Approximately half of United Airlines’ workers who were not vaccinated the previous month have already had their injections after the firm declared that immunizations would be mandatory for all employees. The airline’s 67,000 U.S.-based workers must get vaccinated by September 27 in order to remain on the job. According to a statement released Wednesday by United, employees whose, requests for exemptions based on medical grounds or religious convictions are rejected will be given a further five weeks to be vaccinated.
Non-vaccinated Employees Have 5 Weeks To Comply: United Airlines
After that, according to the airline, they will be terminated or placed on unpaid leave. United’s VP of human resources, Kirk Limacher, made the remark regarding vaccines on Wednesday in letters to workers outlining the company’s policy on requests for exemptions from vaccination requirements. U.S. Airways refused to provide specifics on how many employees were recently vaccinated, what proportion of the workforce is currently vaccinated, or how many employees had sought an exemption from vaccination. The airline claims it will have enough employees to keep its timetable running through the autumn and into the Christmas season.
According to the airline, employees who refuse to be vaccinated will be barred from entering the workplace beginning on October 2. The company claims that requests for medical exemptions would be evaluated by medical staff members, such as nurses, while requests for religious exemptions will be handled by personnel-office workers. The procedure for dealing with employees whose exemptions have been granted will differ somewhat depending on the nature of the employee’s employment.

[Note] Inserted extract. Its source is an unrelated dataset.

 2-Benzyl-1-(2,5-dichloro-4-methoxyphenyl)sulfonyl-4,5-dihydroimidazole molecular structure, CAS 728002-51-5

Beginning October 2, workers who come into regular contact with passengers, including as flight attendants, airport staff, and pilots, and whose exemptions have been granted, will be placed on indefinite unpaid leave with no pay. One of the letters states that they would not be permitted to return to work until the epidemic has “meaningfully receded.” Employees who interact with passengers on a regular basis, such as luggage handlers and mechanics, and whose exemptions have been granted will also be put on administrative leave, but only until the airline develops a plan for testing per week and obligatory mask-wearing. Employees at United’s headquarters who have been granted exemptions will be put on administrative leave until United determines the best safety steps to take, including if the individual needs to come into the workplace.
During its explanation of the restrictions to workers, United cites data on the status of the pandemic in the United States, where new infections have reached their highest possible level since March and are “expected to increase throughout the autumn as more individuals are hospitalized,” according to United.
According to the memoranda, the majority of the instances, hospitalizations, and fatalities are caused by individuals who have not been vaccinated. United Airlines, headquartered in Chicago, has adopted the most pro-vaccination position of any airline in the United States. Delta Air Lines has announced that it would impose a $200 monthly fee on workers who are not vaccinated and are covered by the company’s health plan. Others, like American Airlines, have said that they would terminate paid leave for employees who are not vaccinated against COVID-19.